After Lark had said she was ready to share a bedroom with me again after a year apart, I'd realized something as I held her close and whispered I love you to her over and over again.

She hadn't said it back.

Taking her into the bedroom we'd be sharing, I sat her on the bed and knelt down in front of her so I wouldn't be towering over her while we talked.

"Lark, you know it makes me happy as hell to have you in the same room, the same bed with me again." I'd smiled at her and held onto her hands. "I love you so much, sweetheart."

She returned my smile and squeezed my hands, but she didn't say the words back.

"And that is why we'll be sharing a room, but that's as far as it's going right now. Not until you're ready."

"Tenn." Her face fell, so I reached up and pressed a quick kiss to her lips.

"We're not ready for that quite yet, and that's OK. I'll wait as long as it takes, until you can look me in the eye and say those words to me. So when you're ready, we'll go there. But until you're one hundred percent sure, I'll just be fucking happy you're next to me in the bed. We've got time, sweetheart. I'm sure as hell not going to rush this."

It had taken Lark another six months after we moved into our new home to tell me she loved me. I'd continued to express my love for her both verbally and in quick texts to let her know I was thinking about her, but I knew she was fighting demons. The last time she'd said it to me was the morning I'd walked out of our old house and, later that day, she'd seen me with Trisha on the couch. Those demons were very real for her, understandably so, and I wasn't surprised that overcoming them was taking time.

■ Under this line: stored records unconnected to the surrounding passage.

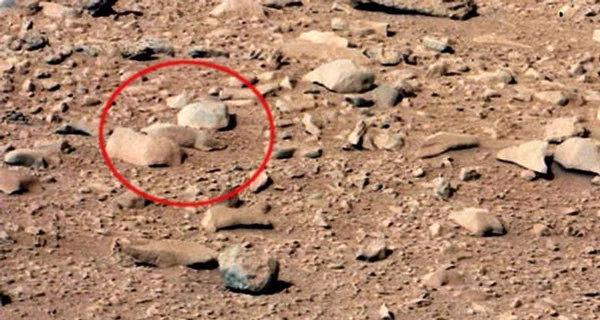 De vreemdste objecten die ooit op Mars zijn gefotografeerd, laten veel mensen versteld staan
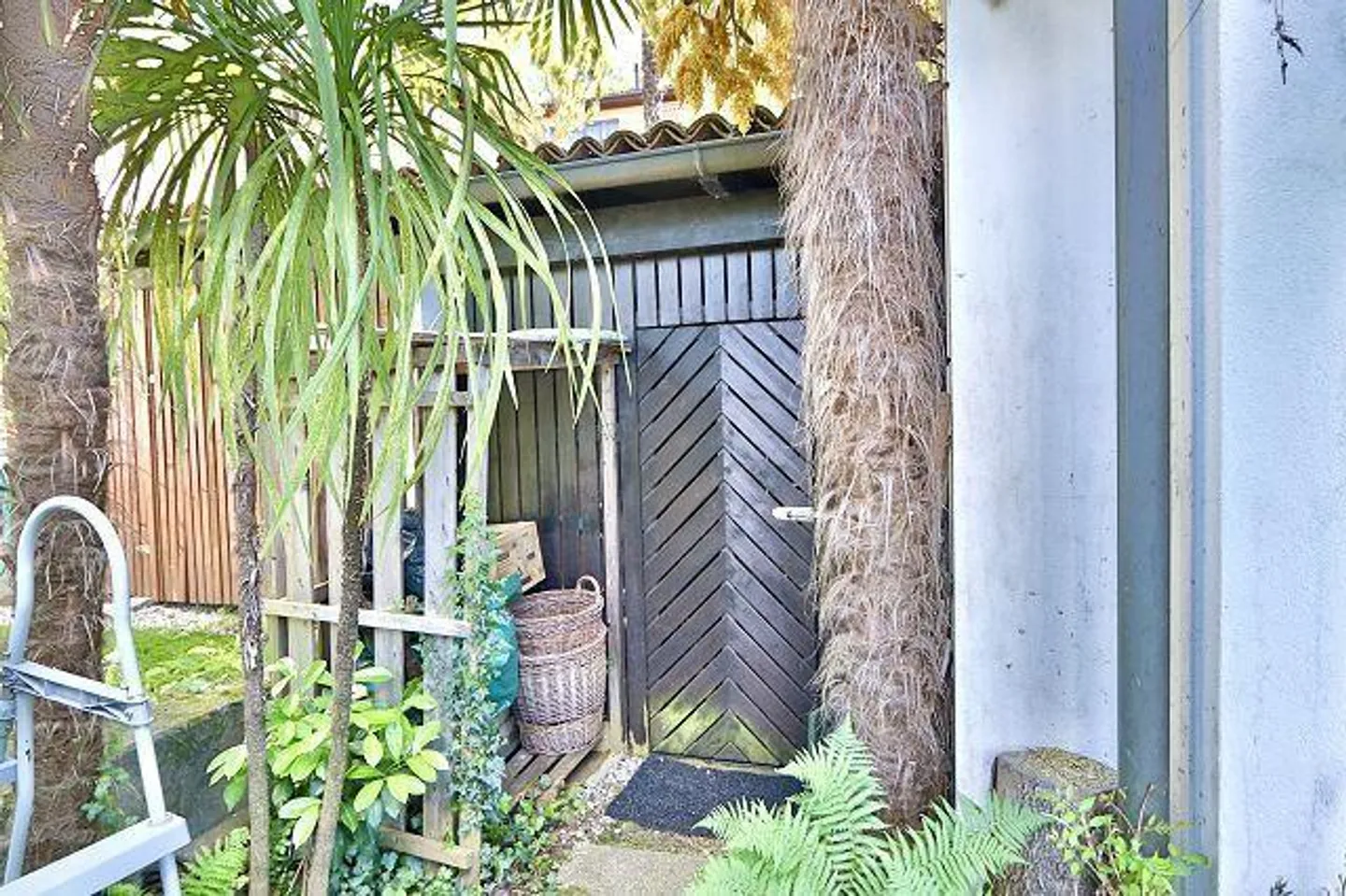 «4 1/2-Zimmer-Haus sehr ruhiger, sonniger Seeblicklage / chalet di 4 1/2 locali molto tranquilla, soleggiata e vista lago» - Foto 30 di 37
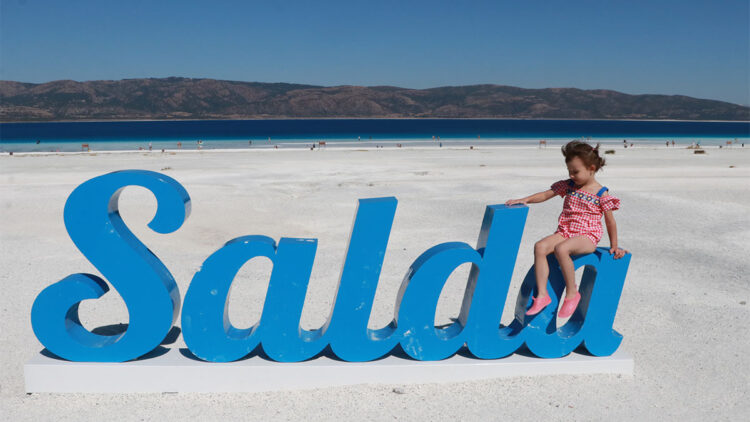 Salda Gölü'nü kaybetme riskiyle karşı karşıyayız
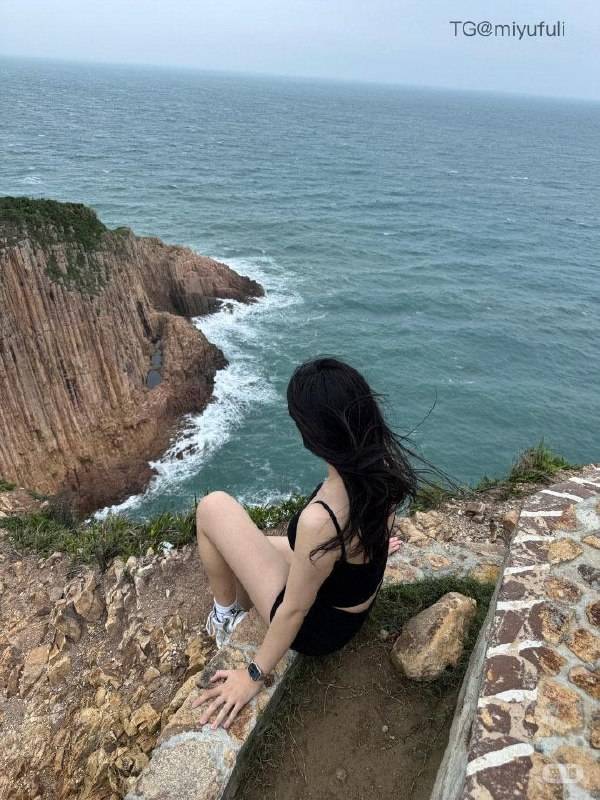 泡澡的银渐层 | 2026-06-18_1照片 卧看满天云不动 第15张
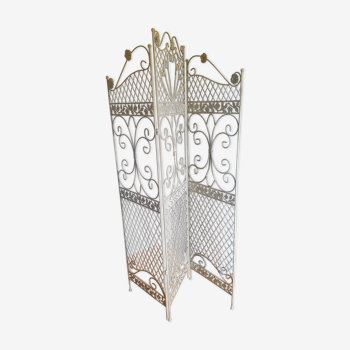 Iron screen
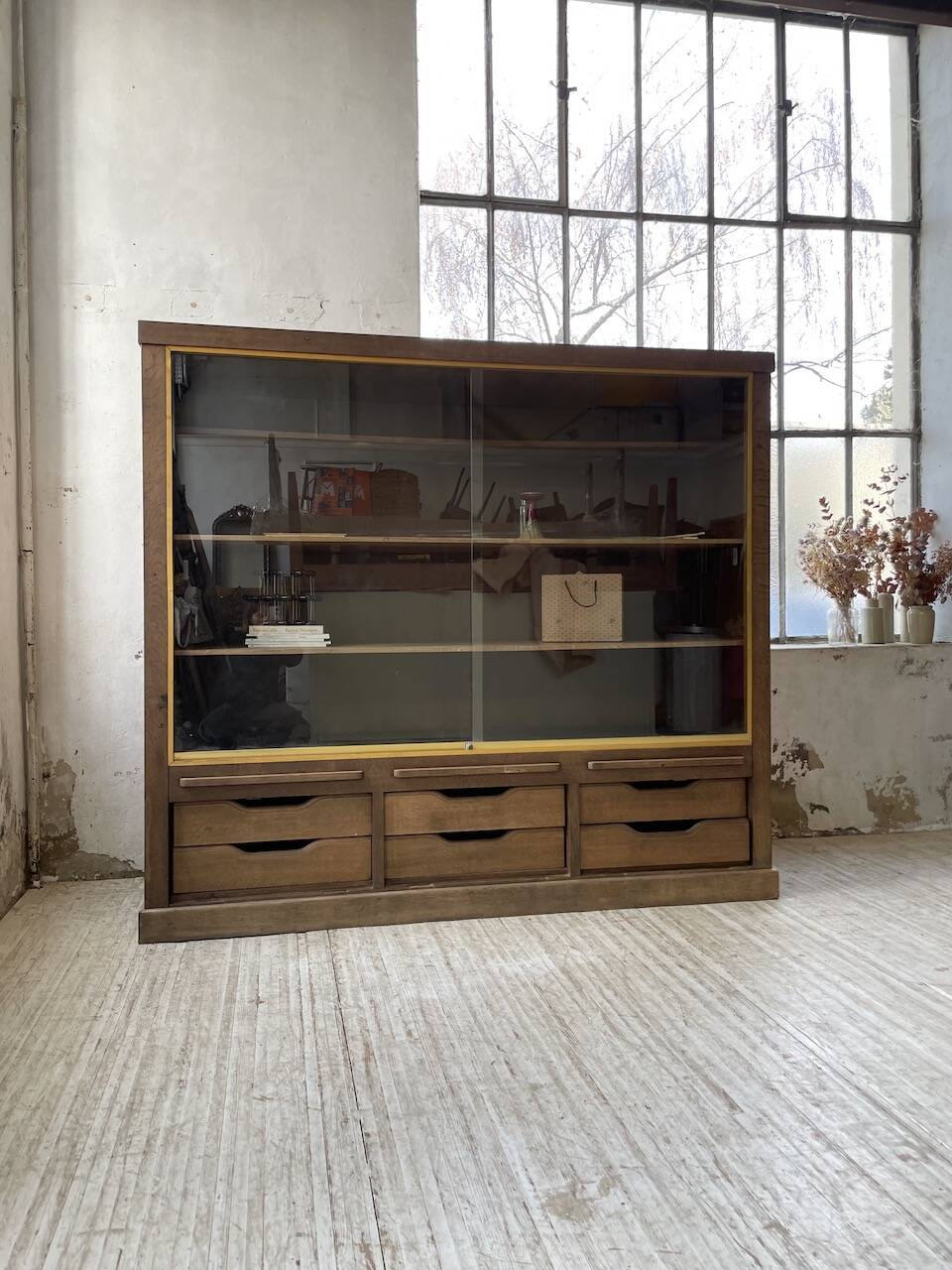 XXL oak display cabinet furniture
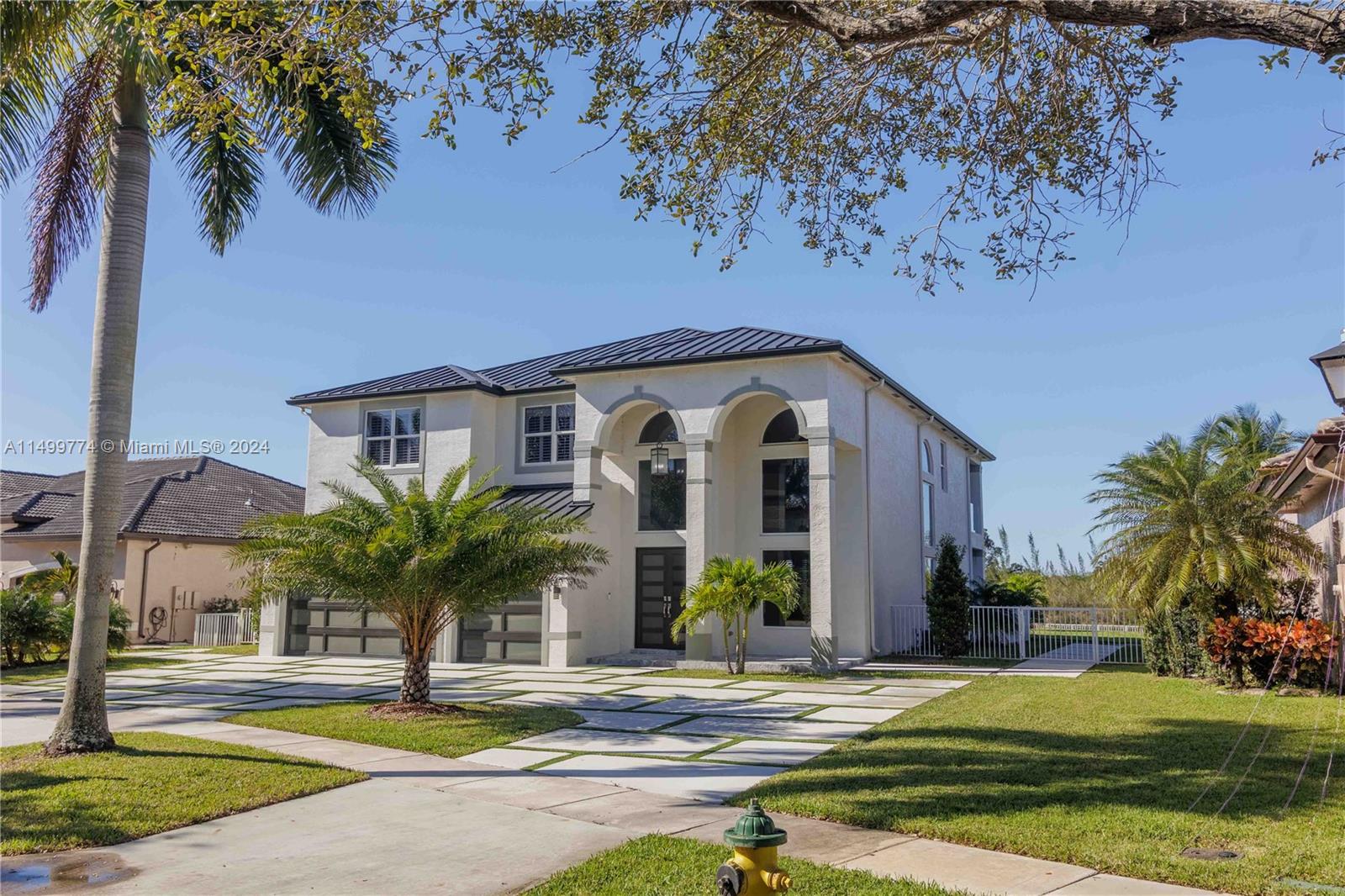 4128 SW 195th Ter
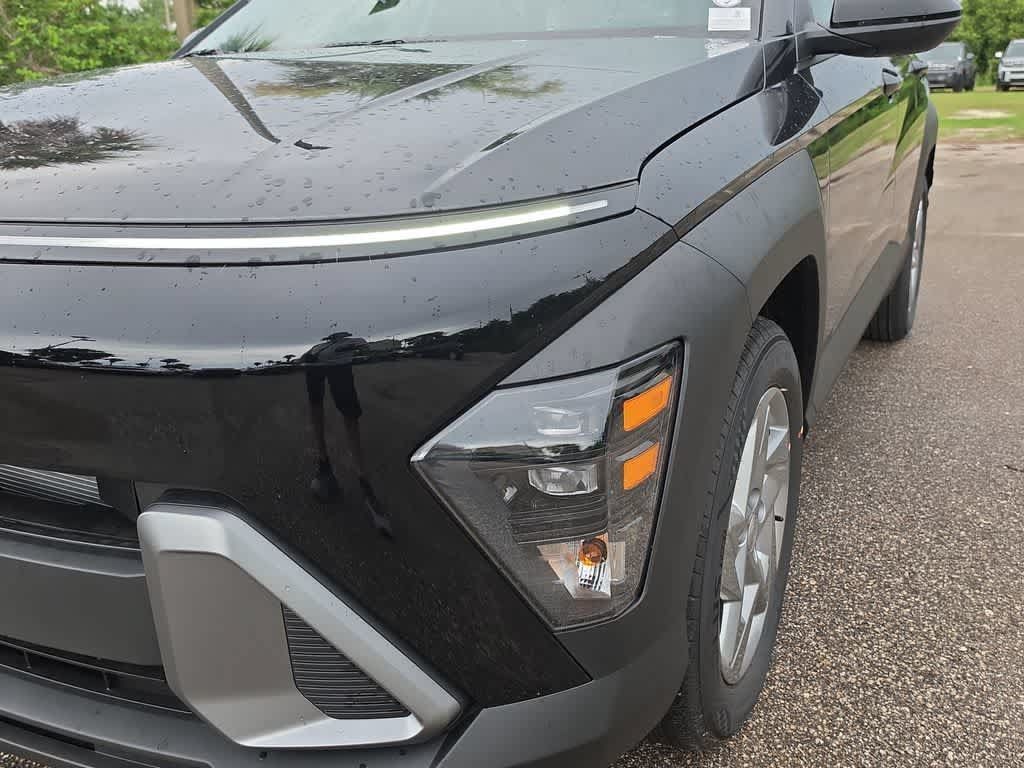 New 2027 Hyundai Kona SE FWD image 11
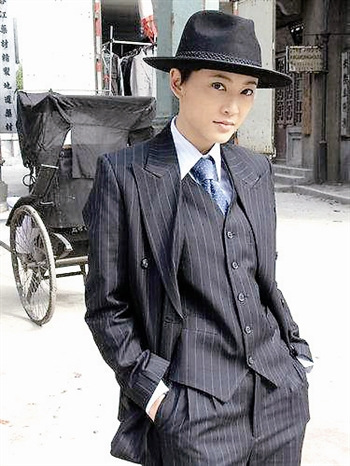 Ӧ�ɶ�Ϊ�¾���̷�����װ�ƹ��������Ϸ񫣨ͼ��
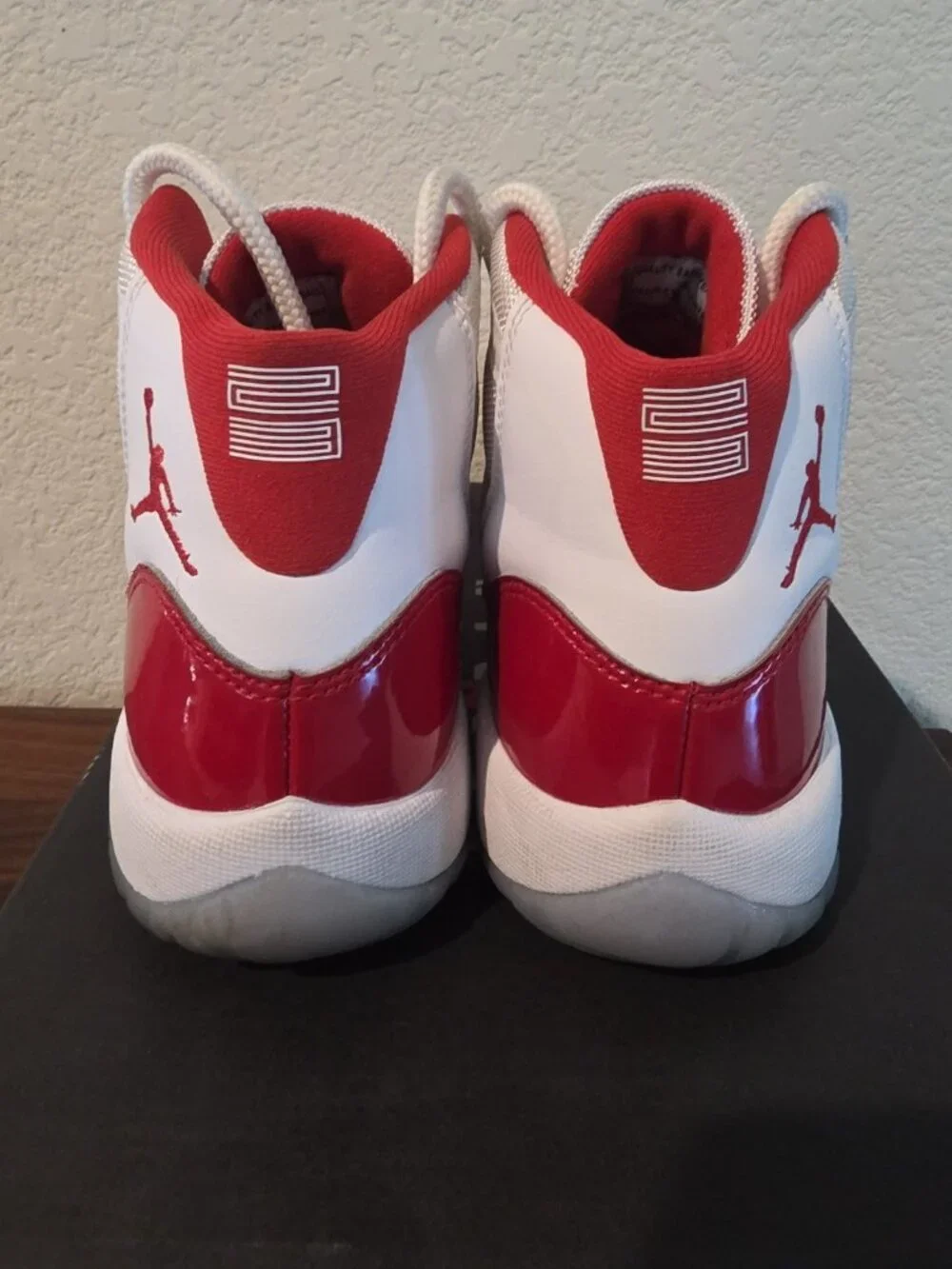 Nike Air Jordan 11 Retro GS Win Like 96 White Varsity Red 378038-116 Size 6.5Y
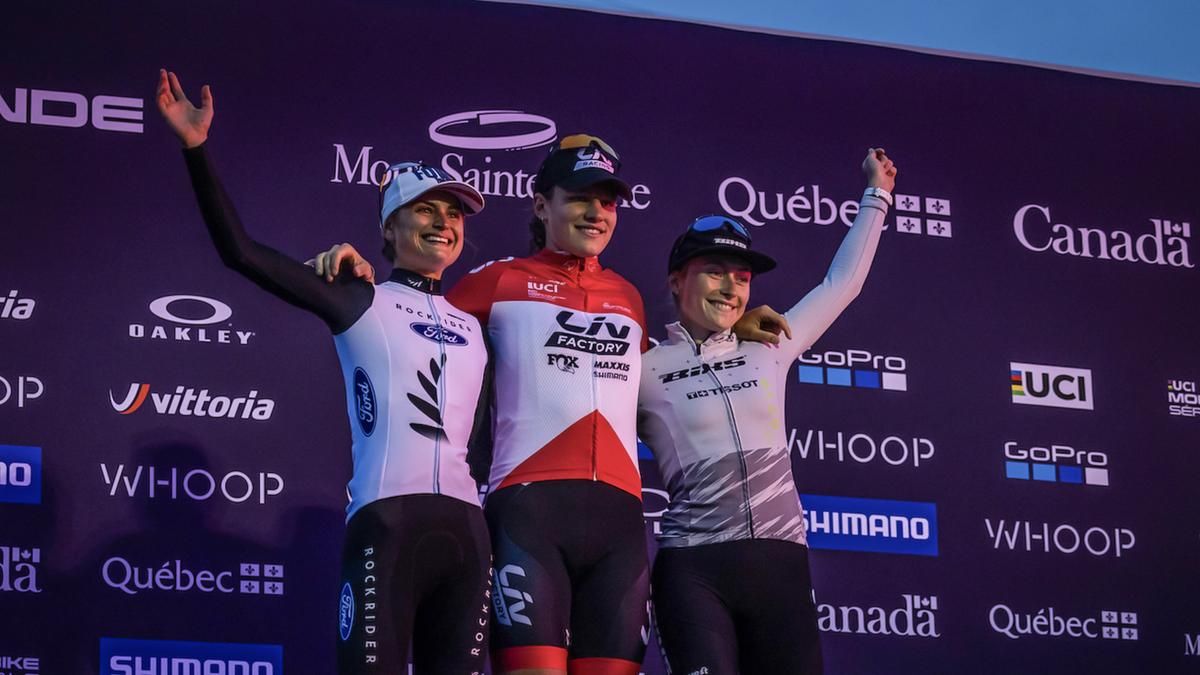 Ronja Blöchlinger gewinnt U23 Short-Track-Weltcup 2023.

But the day she conquered them, the morning had been a day just like any other when it started, and I'd had no indication that it'd soon turn into a momentous one. Just like always, I'd gotten up before Lark and started the coffee before I took my shower. When I'd walked back in the kitchen, ready for the day and my coffee, I'd poured a cup when Lark stumbled in. A morning person my wife was not, and she pointed at the coffeemaker, hair hanging in her eyes and over her face, and made an incoherent noise that I took to mean pour me a cup or I'll be forced to kill you.

After pouring the brew into her favorite mug, I held it out to her. She took it and sipped at it for a few minutes, but she stayed where she was, looking at me, her eyes actually open and focused.

"I love you."

Had she just --

"You know I love you," her sleep-raspy voice continued. "I woke up thinking about it, and I knew it was time to tell you. So I'm telling you, Tenn: I love you."

"Lark," I said in a voice that was as raspy as hers now, but for much different reasons. "That's the best -- I love you, too. So much."

She'd given me a look as she plunked her mug on the island. "I think we've established that while words are nice, actions are needed, too. So, I'm going back to bed in case you have any actions you'd like to share."